Tourisme Wendake is located in the Hôtel-Musée Premières Nations.
ANIMATED VILLAGE ? WENDAKE WELCOMES YOU!
The heart of the Huron Wendat beats at the rhythm of the Kabir Kouba Waterfall, a natural site of rare beauty, which presents, as the seasons go by, an awe-inspiring scene, continually renewed. Why be astonished when, as soon as 1697, the Huron Wendat established, in this location, their village. A path, starting on the side of Place des Nations, gives access and allows to hear the roar of the gushing water and become captivated by the exceptional natural location of this canyon of 42 metres deep.

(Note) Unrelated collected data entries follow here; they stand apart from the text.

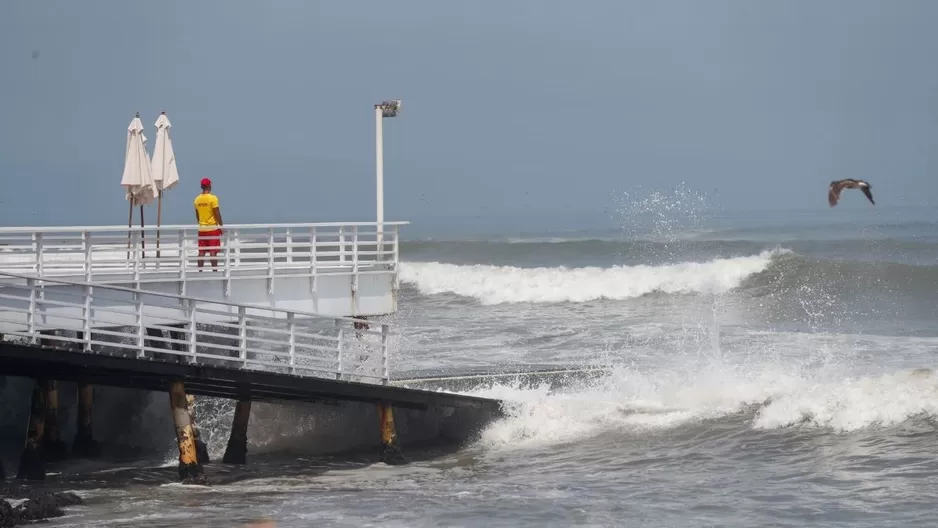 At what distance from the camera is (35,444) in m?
17.4

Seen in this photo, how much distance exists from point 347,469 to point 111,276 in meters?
4.36

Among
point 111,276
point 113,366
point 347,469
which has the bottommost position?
point 347,469

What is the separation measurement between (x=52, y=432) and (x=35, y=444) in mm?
1247

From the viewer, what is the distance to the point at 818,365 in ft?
83.8

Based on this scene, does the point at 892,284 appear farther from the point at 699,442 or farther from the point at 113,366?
the point at 113,366

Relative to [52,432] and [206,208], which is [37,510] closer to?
[52,432]

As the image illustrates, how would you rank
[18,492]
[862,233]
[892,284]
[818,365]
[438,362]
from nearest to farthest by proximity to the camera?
1. [18,492]
2. [818,365]
3. [438,362]
4. [892,284]
5. [862,233]

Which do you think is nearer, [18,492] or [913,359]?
[18,492]

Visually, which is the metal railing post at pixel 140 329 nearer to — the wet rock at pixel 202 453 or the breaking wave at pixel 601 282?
the wet rock at pixel 202 453

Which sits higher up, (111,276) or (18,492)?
(111,276)

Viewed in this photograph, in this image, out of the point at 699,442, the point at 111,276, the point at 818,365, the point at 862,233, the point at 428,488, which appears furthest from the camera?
the point at 862,233

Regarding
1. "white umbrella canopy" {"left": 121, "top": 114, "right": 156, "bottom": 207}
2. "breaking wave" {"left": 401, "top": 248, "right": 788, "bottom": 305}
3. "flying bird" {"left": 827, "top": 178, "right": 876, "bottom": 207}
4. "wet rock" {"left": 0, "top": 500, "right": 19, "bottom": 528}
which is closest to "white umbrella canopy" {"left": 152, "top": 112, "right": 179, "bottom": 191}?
"white umbrella canopy" {"left": 121, "top": 114, "right": 156, "bottom": 207}

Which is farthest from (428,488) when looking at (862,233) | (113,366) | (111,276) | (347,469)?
(862,233)

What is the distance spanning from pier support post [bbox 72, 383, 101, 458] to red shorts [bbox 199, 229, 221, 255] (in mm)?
2884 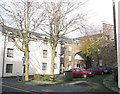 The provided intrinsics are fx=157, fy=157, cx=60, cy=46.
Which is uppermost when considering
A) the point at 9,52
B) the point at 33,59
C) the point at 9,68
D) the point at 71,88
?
the point at 9,52

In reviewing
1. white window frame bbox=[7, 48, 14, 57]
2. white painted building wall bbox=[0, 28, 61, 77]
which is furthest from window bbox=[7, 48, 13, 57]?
white painted building wall bbox=[0, 28, 61, 77]

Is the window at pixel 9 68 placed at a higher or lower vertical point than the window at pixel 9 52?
lower

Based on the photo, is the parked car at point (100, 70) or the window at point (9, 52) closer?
the parked car at point (100, 70)

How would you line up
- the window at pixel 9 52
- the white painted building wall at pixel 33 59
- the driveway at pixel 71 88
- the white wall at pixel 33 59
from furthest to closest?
the white wall at pixel 33 59 → the white painted building wall at pixel 33 59 → the window at pixel 9 52 → the driveway at pixel 71 88

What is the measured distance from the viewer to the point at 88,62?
4088 cm

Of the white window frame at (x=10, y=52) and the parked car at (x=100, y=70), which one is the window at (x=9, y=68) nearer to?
Result: the white window frame at (x=10, y=52)

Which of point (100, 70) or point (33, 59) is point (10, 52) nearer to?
point (33, 59)

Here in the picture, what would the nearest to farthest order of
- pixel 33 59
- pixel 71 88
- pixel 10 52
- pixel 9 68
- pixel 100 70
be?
pixel 71 88 → pixel 9 68 → pixel 10 52 → pixel 100 70 → pixel 33 59

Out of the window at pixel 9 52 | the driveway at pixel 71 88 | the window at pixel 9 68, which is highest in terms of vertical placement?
the window at pixel 9 52

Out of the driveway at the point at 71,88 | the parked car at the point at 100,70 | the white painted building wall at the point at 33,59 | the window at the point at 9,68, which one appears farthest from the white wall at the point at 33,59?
the driveway at the point at 71,88

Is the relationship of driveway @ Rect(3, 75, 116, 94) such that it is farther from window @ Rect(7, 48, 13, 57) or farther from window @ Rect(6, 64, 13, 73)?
window @ Rect(7, 48, 13, 57)

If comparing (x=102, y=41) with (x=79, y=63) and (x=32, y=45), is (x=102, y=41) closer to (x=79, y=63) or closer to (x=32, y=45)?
(x=79, y=63)

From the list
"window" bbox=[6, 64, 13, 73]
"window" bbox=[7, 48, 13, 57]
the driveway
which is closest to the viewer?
the driveway

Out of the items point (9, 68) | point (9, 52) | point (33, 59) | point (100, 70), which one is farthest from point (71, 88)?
point (33, 59) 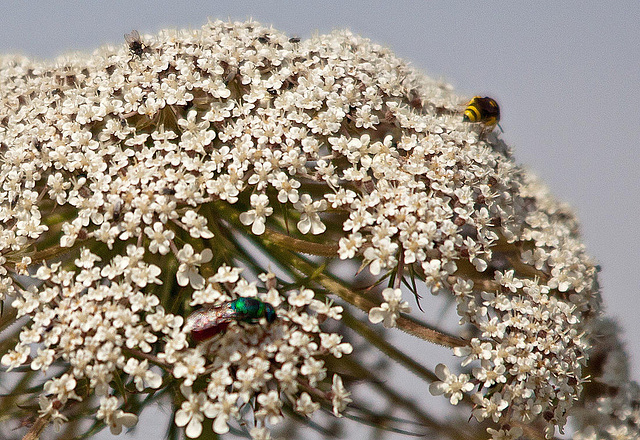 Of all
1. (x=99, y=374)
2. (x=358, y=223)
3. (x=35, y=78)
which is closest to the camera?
(x=99, y=374)

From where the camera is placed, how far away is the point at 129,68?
3.50 metres

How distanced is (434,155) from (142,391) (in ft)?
5.36

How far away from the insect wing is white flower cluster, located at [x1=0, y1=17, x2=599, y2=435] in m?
0.05

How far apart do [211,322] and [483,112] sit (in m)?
2.14

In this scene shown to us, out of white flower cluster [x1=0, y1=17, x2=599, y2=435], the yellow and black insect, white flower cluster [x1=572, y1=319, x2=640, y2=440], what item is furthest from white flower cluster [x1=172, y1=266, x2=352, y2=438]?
white flower cluster [x1=572, y1=319, x2=640, y2=440]

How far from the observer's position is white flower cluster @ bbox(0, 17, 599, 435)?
8.74 feet

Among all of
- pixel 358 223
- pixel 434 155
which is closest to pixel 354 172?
pixel 358 223

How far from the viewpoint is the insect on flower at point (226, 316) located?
104 inches

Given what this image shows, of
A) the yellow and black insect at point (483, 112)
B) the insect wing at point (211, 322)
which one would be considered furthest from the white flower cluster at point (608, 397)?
the insect wing at point (211, 322)

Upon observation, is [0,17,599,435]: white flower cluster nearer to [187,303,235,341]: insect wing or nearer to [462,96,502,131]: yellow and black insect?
[187,303,235,341]: insect wing

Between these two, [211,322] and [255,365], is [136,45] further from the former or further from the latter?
[255,365]

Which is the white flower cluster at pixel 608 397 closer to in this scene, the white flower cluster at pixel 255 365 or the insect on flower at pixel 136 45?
the white flower cluster at pixel 255 365

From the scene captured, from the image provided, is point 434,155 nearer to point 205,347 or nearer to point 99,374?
point 205,347

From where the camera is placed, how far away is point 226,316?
263cm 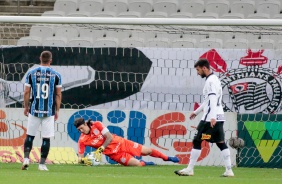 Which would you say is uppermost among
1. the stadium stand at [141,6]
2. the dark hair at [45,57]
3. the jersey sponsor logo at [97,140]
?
the stadium stand at [141,6]

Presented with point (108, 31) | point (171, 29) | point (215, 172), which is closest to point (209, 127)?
point (215, 172)

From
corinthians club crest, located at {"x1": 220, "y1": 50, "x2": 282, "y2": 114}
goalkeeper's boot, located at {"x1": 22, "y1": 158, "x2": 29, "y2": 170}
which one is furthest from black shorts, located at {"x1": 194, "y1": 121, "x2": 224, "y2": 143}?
corinthians club crest, located at {"x1": 220, "y1": 50, "x2": 282, "y2": 114}

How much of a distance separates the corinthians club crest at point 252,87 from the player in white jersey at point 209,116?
368 cm

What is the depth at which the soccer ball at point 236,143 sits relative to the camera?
49.3 ft

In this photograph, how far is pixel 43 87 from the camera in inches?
503

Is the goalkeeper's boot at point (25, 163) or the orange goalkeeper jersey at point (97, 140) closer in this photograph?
the goalkeeper's boot at point (25, 163)

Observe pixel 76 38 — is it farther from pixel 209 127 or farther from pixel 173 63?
pixel 209 127

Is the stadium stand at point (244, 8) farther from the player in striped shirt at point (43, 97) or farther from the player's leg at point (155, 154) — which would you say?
the player in striped shirt at point (43, 97)

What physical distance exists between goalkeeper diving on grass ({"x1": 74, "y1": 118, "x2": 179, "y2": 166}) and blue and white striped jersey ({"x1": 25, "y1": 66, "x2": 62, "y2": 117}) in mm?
1824

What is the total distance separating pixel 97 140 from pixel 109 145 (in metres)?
0.24

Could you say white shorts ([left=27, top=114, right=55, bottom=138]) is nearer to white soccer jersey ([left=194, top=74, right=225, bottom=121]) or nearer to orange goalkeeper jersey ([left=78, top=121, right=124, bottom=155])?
orange goalkeeper jersey ([left=78, top=121, right=124, bottom=155])

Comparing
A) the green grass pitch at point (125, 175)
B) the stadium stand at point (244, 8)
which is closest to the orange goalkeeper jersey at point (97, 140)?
the green grass pitch at point (125, 175)

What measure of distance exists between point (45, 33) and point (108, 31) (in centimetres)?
176

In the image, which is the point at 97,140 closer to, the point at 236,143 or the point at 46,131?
the point at 46,131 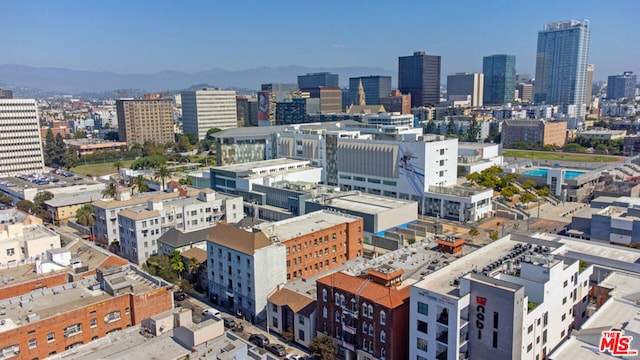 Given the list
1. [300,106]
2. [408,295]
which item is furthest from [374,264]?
[300,106]

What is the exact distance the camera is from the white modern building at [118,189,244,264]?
56.0m

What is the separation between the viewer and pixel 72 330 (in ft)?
101

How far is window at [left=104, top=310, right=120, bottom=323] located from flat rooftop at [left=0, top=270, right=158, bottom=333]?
1198 millimetres

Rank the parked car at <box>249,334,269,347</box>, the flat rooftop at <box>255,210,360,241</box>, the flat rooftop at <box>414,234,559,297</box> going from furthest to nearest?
the flat rooftop at <box>255,210,360,241</box> < the parked car at <box>249,334,269,347</box> < the flat rooftop at <box>414,234,559,297</box>

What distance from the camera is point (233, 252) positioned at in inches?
1690

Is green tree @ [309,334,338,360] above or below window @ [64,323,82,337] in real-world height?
below

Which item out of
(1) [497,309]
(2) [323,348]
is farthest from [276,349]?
(1) [497,309]

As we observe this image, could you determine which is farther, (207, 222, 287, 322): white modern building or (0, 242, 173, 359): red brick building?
(207, 222, 287, 322): white modern building

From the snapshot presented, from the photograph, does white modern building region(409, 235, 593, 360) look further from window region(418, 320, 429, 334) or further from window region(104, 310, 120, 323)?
window region(104, 310, 120, 323)

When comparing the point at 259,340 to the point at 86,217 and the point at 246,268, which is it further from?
the point at 86,217

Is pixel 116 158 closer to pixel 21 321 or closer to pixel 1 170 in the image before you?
pixel 1 170

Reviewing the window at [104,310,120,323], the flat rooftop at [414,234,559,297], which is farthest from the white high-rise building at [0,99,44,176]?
the flat rooftop at [414,234,559,297]

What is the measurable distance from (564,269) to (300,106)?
171569 millimetres

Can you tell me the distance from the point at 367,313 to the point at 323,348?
4373 mm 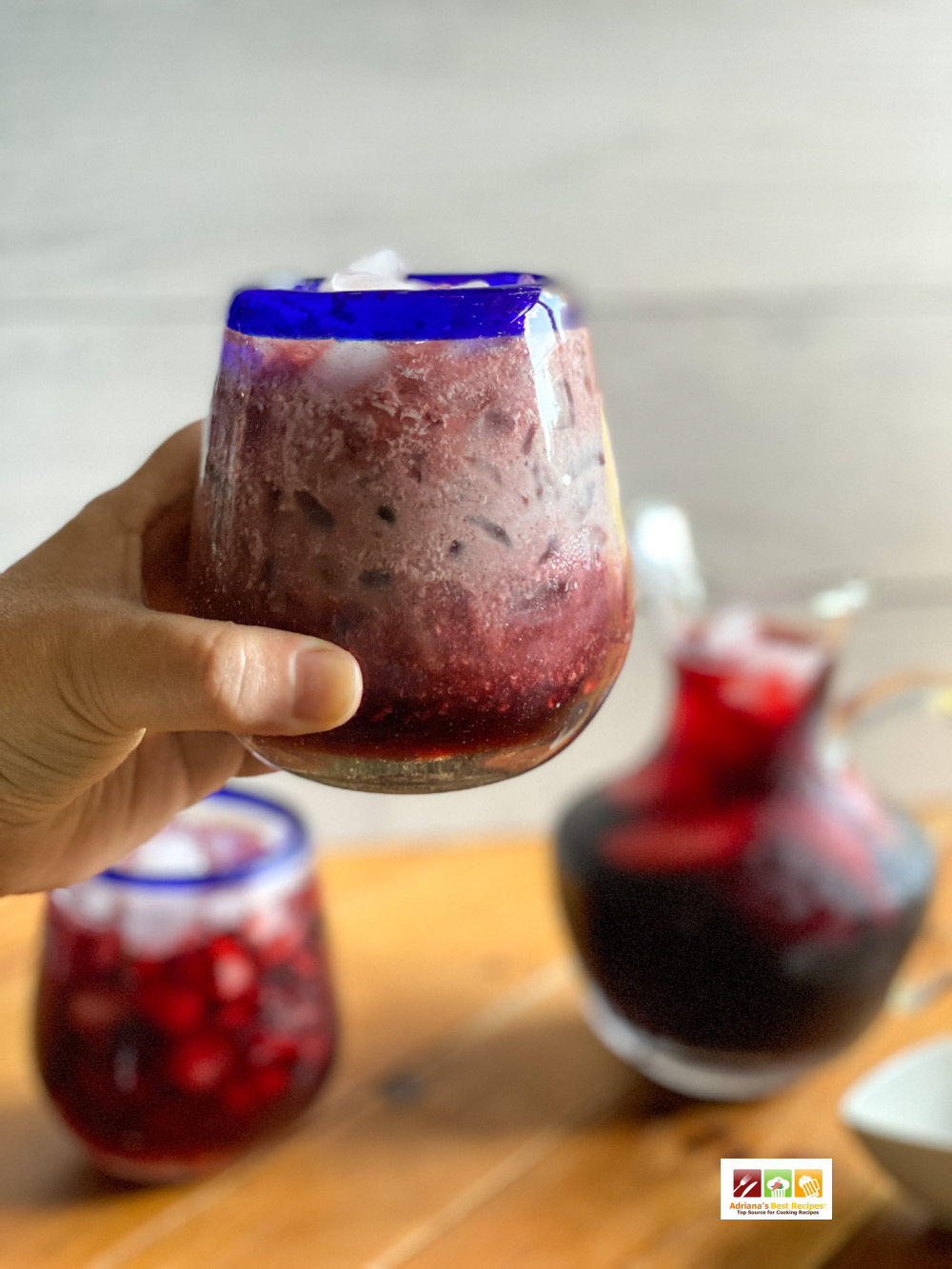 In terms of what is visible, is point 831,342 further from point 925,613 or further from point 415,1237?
point 415,1237

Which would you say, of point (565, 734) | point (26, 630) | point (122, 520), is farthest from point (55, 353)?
point (565, 734)

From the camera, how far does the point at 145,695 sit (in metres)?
0.49

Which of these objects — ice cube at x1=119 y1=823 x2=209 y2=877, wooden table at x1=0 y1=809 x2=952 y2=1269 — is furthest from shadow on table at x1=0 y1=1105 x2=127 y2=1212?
ice cube at x1=119 y1=823 x2=209 y2=877

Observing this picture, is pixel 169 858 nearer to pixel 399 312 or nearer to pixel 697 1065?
pixel 697 1065

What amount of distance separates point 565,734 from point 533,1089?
50cm

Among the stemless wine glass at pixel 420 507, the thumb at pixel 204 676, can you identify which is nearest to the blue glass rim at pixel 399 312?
the stemless wine glass at pixel 420 507

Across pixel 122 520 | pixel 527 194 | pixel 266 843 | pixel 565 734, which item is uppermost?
pixel 527 194

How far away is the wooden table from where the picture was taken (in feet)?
2.48

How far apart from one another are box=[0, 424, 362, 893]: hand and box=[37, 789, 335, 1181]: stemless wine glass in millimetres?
67

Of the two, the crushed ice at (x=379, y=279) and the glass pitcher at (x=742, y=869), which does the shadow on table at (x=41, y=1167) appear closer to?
the glass pitcher at (x=742, y=869)

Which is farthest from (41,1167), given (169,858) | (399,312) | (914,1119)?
(399,312)

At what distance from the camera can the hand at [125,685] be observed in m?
0.45

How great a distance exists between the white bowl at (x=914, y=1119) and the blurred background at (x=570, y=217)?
1.54 ft

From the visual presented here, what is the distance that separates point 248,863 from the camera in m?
0.80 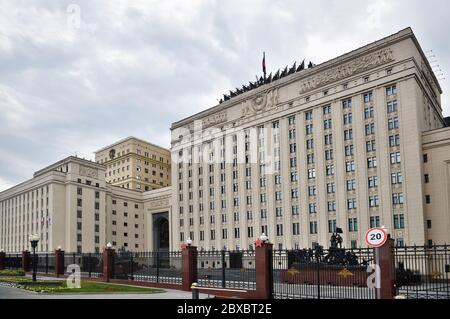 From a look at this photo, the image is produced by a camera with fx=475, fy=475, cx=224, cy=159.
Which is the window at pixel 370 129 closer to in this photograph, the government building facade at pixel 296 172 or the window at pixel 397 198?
the government building facade at pixel 296 172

Old Wendake offers a different light on the planning and architecture: all the houses face towards the South-East, presenting their fa?ade to the back of the neighbouring house. A patrimonial journey was created; it allows visitors to discover its oldest houses.
The Notre-Dame-de-Lorette church is certainly ?the? gem of Old Wendake. Rebuilt a few years after the fire of 1862, according to the plans and architecture of the first chapel built in 1730, it contains treasures that recall the faith of the Wendake Christian community, actually still very alive.
The Maison Arouanne and the Maison Tsawenhohi, by their architecture, testify, in their own way, of the adaptability of the Huron Wendat Nation to a way of life that is different from that of the first inhabitants.
At all times, the Huron Wendat were good craftsmen and great trades people. The tradition is still carried on today. They will greet you with pleasure in their moccasins, snowshoes, leather and other businesses. The welcoming sense of the Huron Wendat is legendary.
The traditional Site “Onhoü Chetek8e” will have you discover the way of life and history of the Hurons from yesterday to this day.